Obama al The Economist: los bancos grandes están sanos

12 de octubre de 2016

12 de octubre de 2016 — El Presidente Obama recibió el sitio más prominente de esta semana en la publicación insignia del imperio financiero británico, The Economist, en un artículo titulado "El camino por recorrer", en donde Obama jura lealtad eterna al moribundo sistema financiero transatlántico.

En lo que los publicistas de su majestad califican de "un intento serio y consciente por sopesar las fortalezas y debilidades económicas de Estados Unidos", el agente del imperio que ocupa la Casa Blanca muestra su determinación a conducir el barco que naufraga hacia los arrecifes, y dice que más vale que todos nosotros dejemos de quejarnos y en vez de esto gocemos el viaje.

Aunque desde un principio Obama reconoce que el meollo del polarizado horizonte político —hasta el punto de ser disfuncional—es la disparidad económica, se muestra más ansioso por convencer a la ciudadanía de que tiene que pensar en pequeño y que no intente entrometerse con lo que son, en realidad, "mecanismos sumamente complicados". Después, sin mencionarlos explícitamente, ataca a la Glass-Steagall y defiende la ley Dodd-Frank, el Obamacare y la Asociación Transpacífica (TPP), y condena la revuelta en contra de la globalización que se siente en Estados Unidos.

Más importante, escribe, es entender que "la motivación de obtención de ganancia puede ser una fuerza poderosa para el bien común" y que esto no se debe destruir sino simplemente domeñar.

"Por más que pudieran sonar atractivas ciertas reformas más radicales en lo abstracto (dividir todos los grandes bancos o imponer aranceles prohibitivamente abruptos a las importaciones) la economía no es una abstracción. No se le puede simplemente rediseñar totalmente y juntarla de nuevo sin consecuencias reales para personas reales".

Es cierto que meter a la cárcel a banqueros encumbrados es una "consecuencia para personas reales", que Obama ha estado esforzándose por evitar durante ocho años; por lo tanto, se opone al restablecimiento de la Ley Glass-Steagall ("dividir todos los grandes bancos") como el rediseño total que se tiene que evitar.

En vez de tratar de cocinar un pastel más grande —lo cual demuestra con gráficas de gran tamaño—- su enfoque consiste más bien en buscar formas de poder mosdisquear un pedacito más grande del pastel existente para uno mismo.
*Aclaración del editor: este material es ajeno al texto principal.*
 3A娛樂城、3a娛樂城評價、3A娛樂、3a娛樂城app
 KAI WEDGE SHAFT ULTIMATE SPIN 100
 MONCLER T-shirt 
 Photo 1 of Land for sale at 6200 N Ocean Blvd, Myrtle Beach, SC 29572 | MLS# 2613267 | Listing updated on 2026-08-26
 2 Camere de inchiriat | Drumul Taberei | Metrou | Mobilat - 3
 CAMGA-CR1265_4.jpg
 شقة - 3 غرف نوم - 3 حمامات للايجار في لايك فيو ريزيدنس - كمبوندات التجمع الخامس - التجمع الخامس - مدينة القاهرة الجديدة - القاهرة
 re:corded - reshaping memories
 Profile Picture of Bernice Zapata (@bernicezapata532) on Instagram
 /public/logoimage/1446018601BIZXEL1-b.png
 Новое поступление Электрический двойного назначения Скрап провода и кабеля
Luego regaña a todos los detractores de su gobierno, y dice que deben de "construir en base a lo que ya hemos hecho [¿qué?], no en tratar de destruirlo".
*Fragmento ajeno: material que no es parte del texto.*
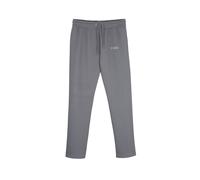 Pantalon Nox Team T26hpatesg Moon Grey S S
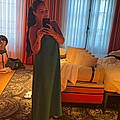 Juline A.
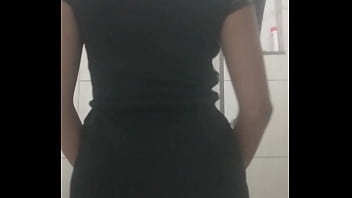 Vídeo De Verificação - verification-video - Video 252104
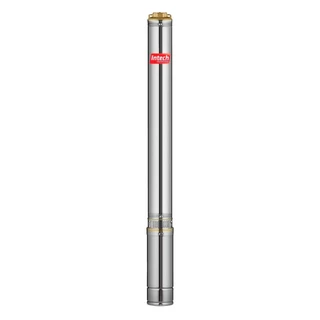 Bomba submersa caneta para poço 1/2 hp 2.1/2pol - BSCC2 em Oferta na Shopee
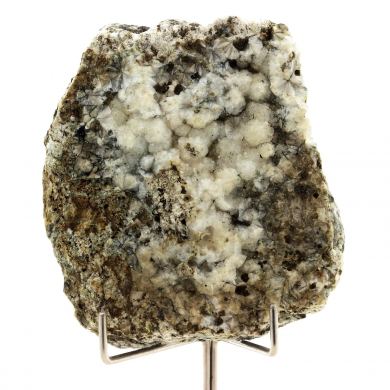 Stilbite. 719.75 ct.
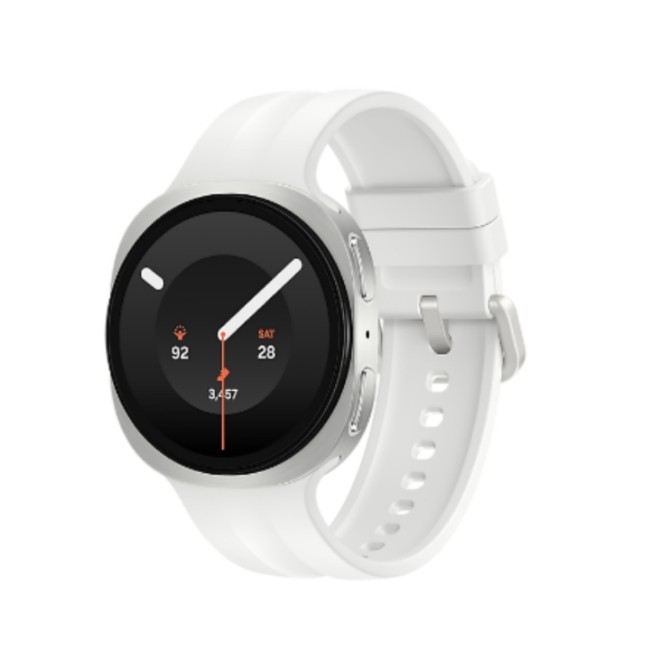 Samsung Galaxy Watch 9L340 40MM jpg Samsung Galaxy Watch 9L340 40MM jpg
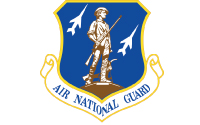 Air National Guard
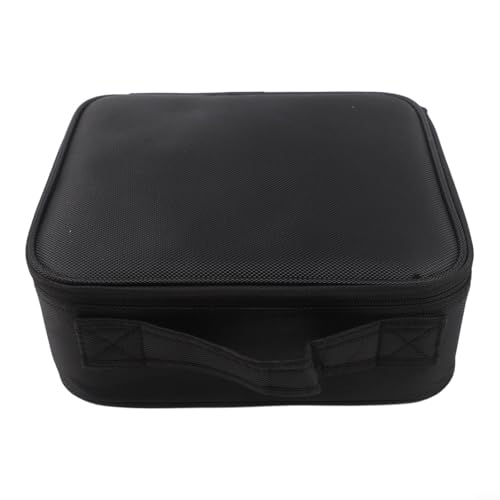 Bolsa de telescopio para transportar oculares en rutas de astronomía 5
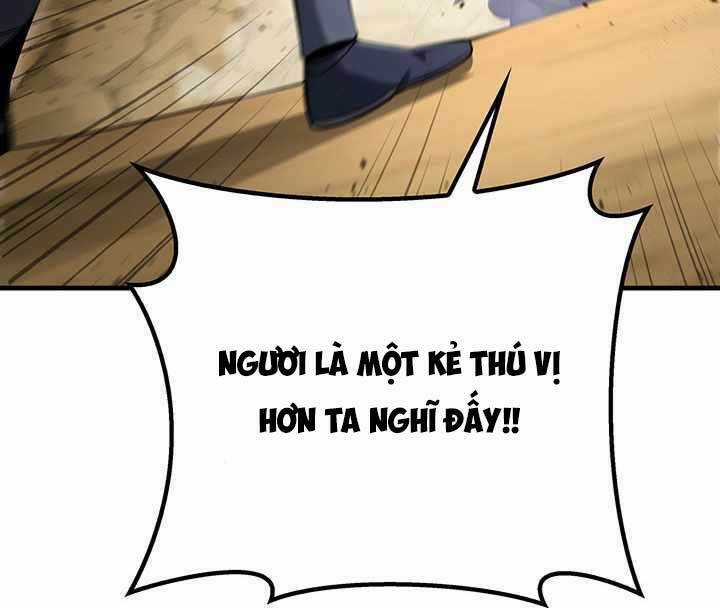 Cửu Thiên Kiếm Pháp Chapter 21 trang 12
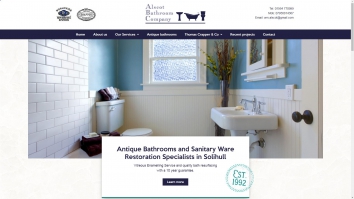 alscotbathrooms.com SHOT 2025-06-05 04:23:03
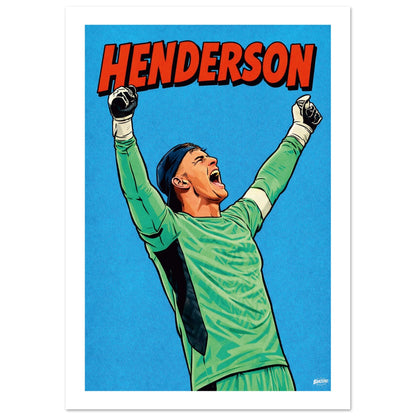 cf037a70-80a1-479a-a90e-8fddc7b4bfc5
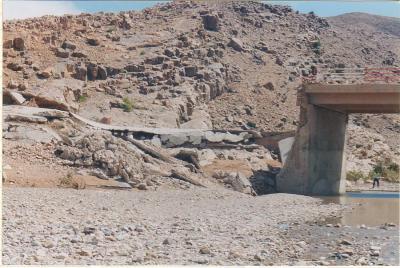 chof awa mnchk d lmlayen aykchmn ghaya.yawitn wasif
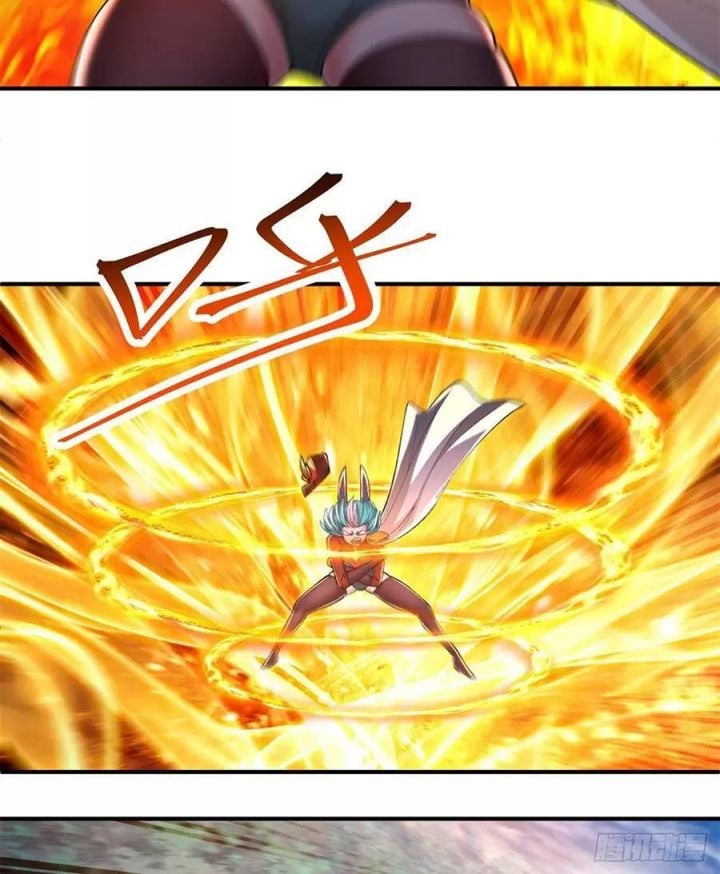 Ta Nhặt Được Thuộc Tính Tại Tu Chân Giới: Chapter 231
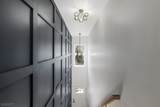 9 Voorhees St - Photo 17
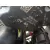 Motor Completo para Skoda Octavia Combi (5E5)
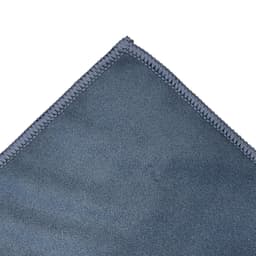 Vision Sports Towel - image 7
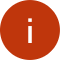 imagealt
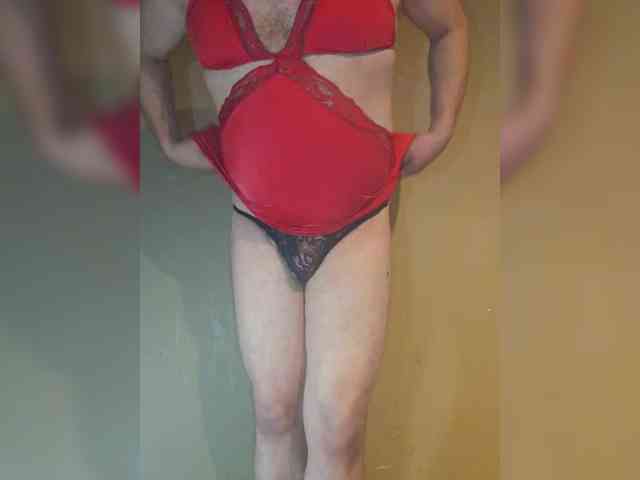 69thongSlut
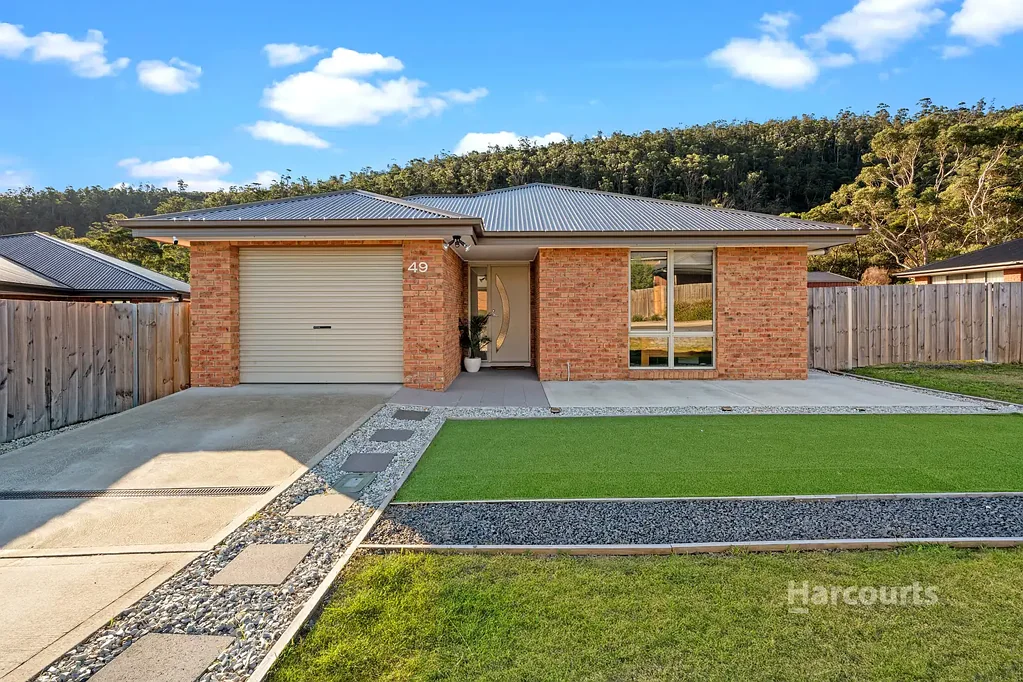 49 Brookston Drive, Mornington, TAS 7018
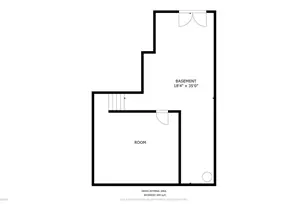 51 Winslow Rd, Albion, ME 04910 - Photo 40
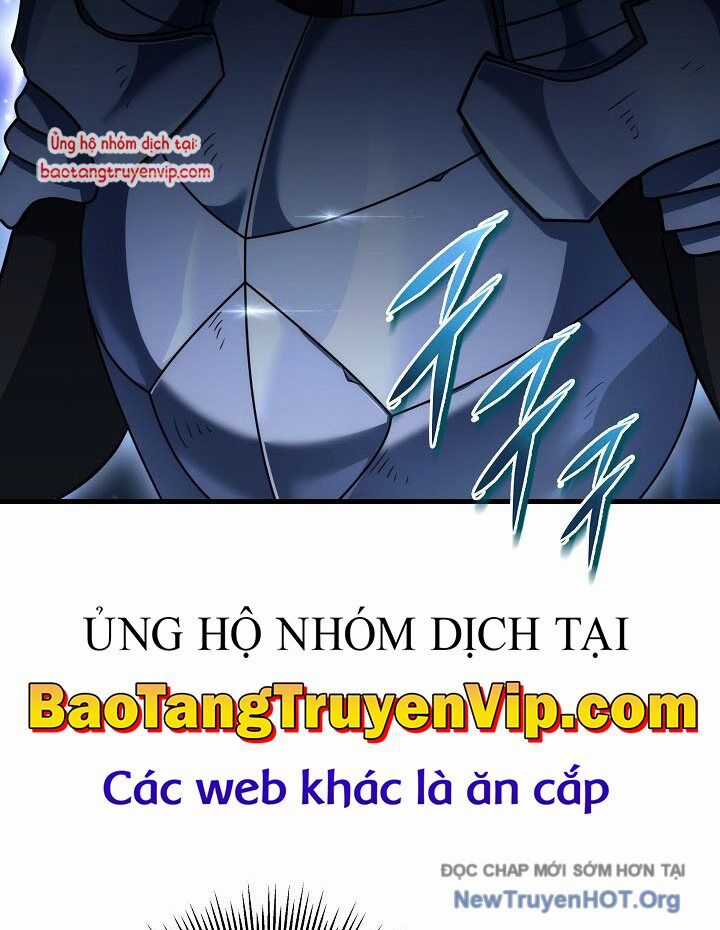 Hoàng Đế Thép Chương 45 trang 104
Para terminar este orate se coloca como Nerón entre los dioses. Alega que su programa de "estímulos" fue más grande y de mayor alcance ¡que el Nuevo Trato de Franklin Roosevelt! La realidad es que en los 8 años de Obama la economía de Estados Unidos apenas si se ha movido un 11%, mientras que durante los primeros tres años de Roosevelt, la economía creció 11% ¡cada año!